Why Financial Gambling is Easier than Life Gambling

In my view one of the most important component of alpha generation (financial gambling) is weighting.  How large to make your bets.  Interestingly this is not often discussed in the class room or the board room.  Valuation, timing, and strategy are discussed but when was the last time someone asked you what the geo-metric mean maximizing weight of your strategy was (if ever)?  [An interesting side discussion is, 'is the reasons it is one of the most important components of alpha generation because it is discussed so little'].  Also the formal designs of weighting are much less developed (or maybe it better to say much more complicated; even when it is a single strategy weight and not a strategy in the context of a portfolio) than valuation.  But for the under use and difficulties that the sizing of bets entails it makes financial gambling much much easier than ‘life gambling’.
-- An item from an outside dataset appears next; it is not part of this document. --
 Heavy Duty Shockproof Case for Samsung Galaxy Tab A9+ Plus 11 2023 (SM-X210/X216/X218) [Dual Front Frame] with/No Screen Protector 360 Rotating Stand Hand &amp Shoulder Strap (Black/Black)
Consider that for a financial gamble you can scale it to your confidence, without (for most of us) having any impact on the market.  In short the way you scale the bet doesn’t impact the way the bet turns out.  On the other hand in life you can’t just scale the bets to confidence because how you scale the bets (which in this case I mean the effort/commitment that you put into an activity) changes the outcome significantly.  Consider the realm of foreign policy if you think  a foreign excursion (pays off 10:1) is worthwhile even given it only 20% chance of success.  A PM (portfolio manager) would put on a weighted bet based on the payout but the statesman would have to calculate the weight that he was willing to commit (and at the same time) consider what they would be doing to the chances for success.  A more challenging problem.